What you should do: Once you reach the line containing "Trametes betulina ·" in the entries below, write out that line and each one after it down to the line containing "Piper reticulatum image", exactly and with nothing added.

Dataset:

====================

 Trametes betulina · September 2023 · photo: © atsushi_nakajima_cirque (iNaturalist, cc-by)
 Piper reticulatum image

====================

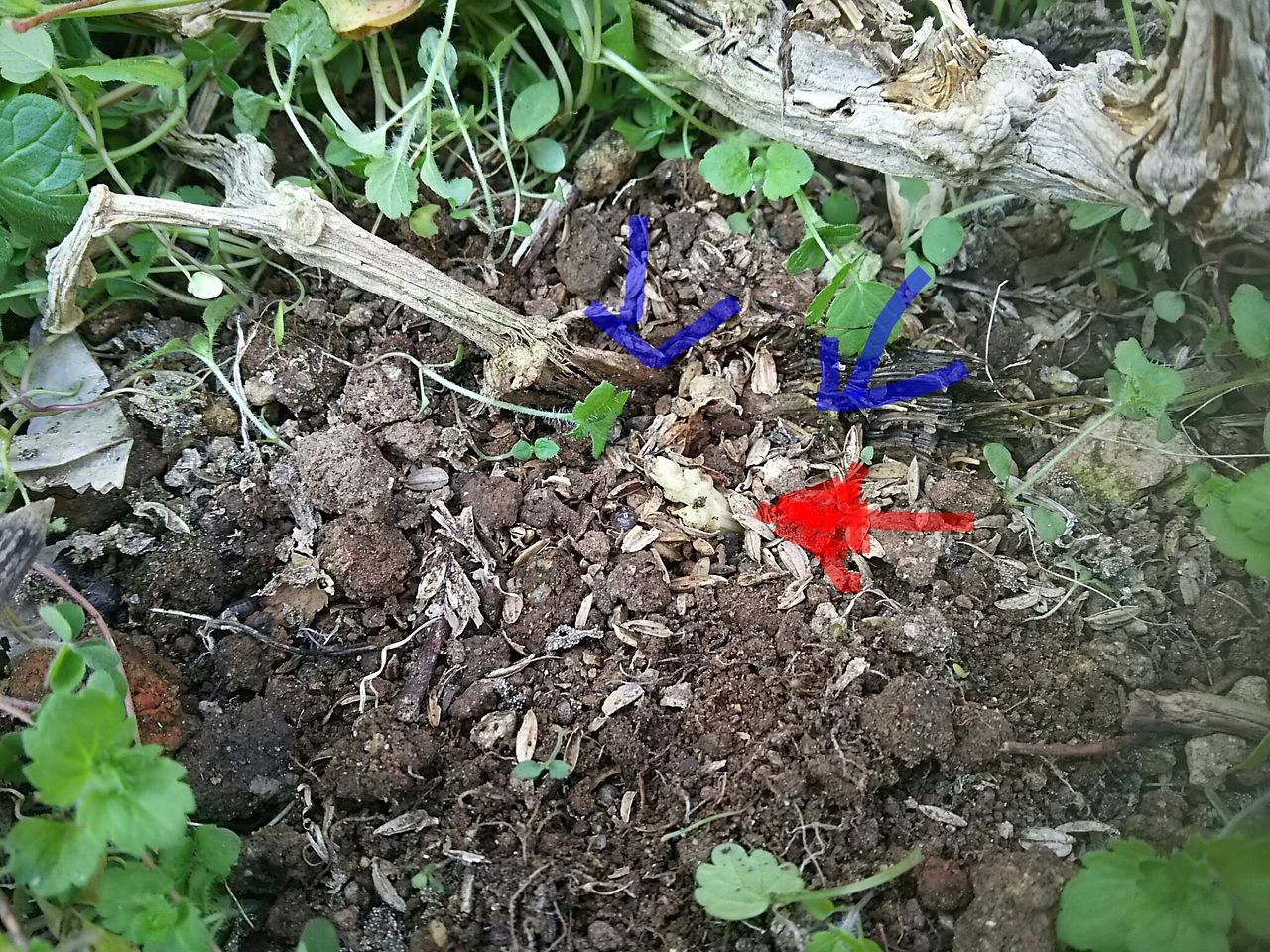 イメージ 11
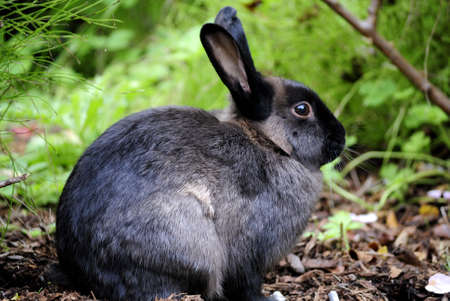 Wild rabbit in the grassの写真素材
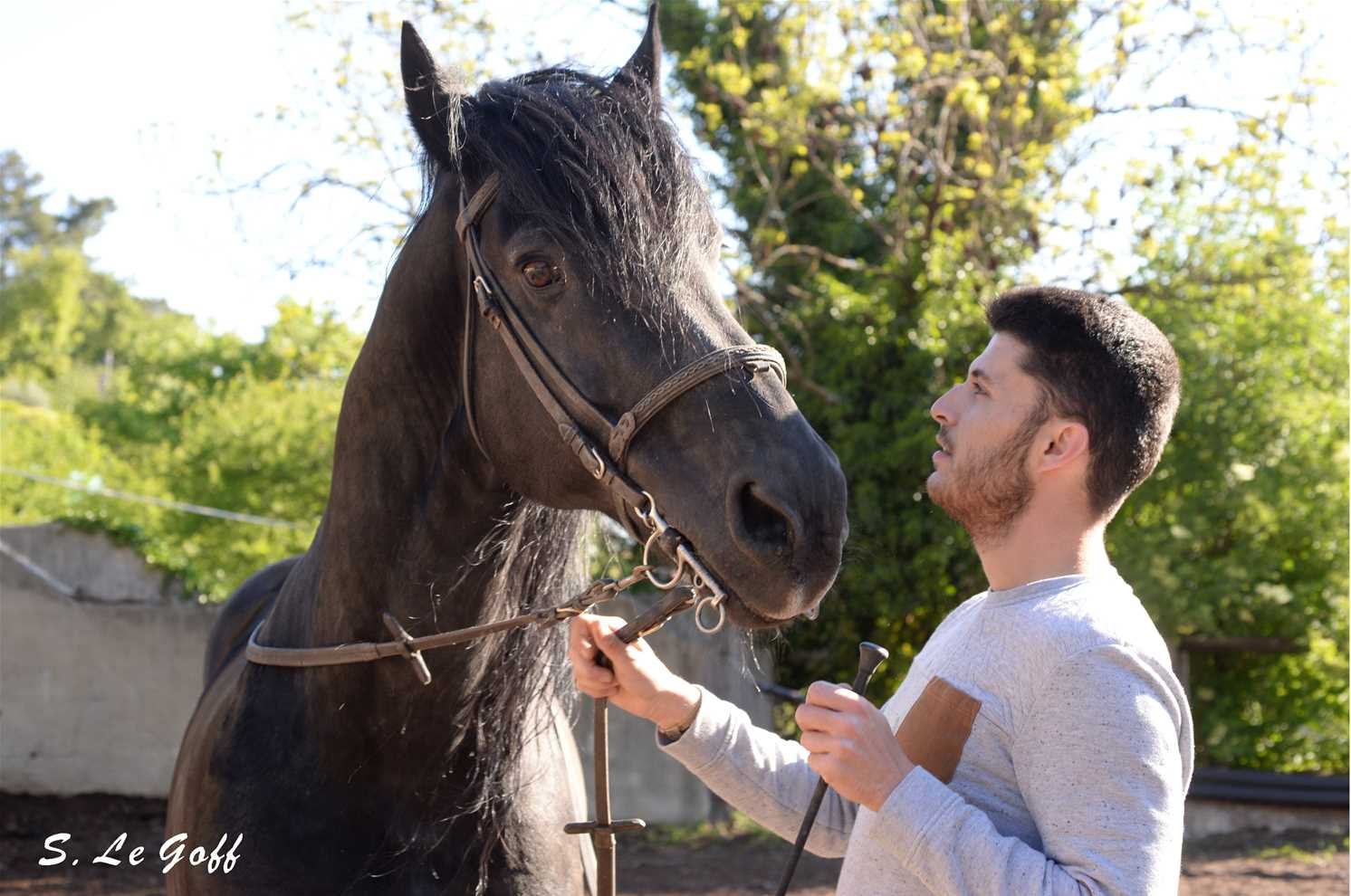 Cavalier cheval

====================

Task answer:
 Trametes betulina · September 2023 · photo: © atsushi_nakajima_cirque (iNaturalist, cc-by)
 Piper reticulatum image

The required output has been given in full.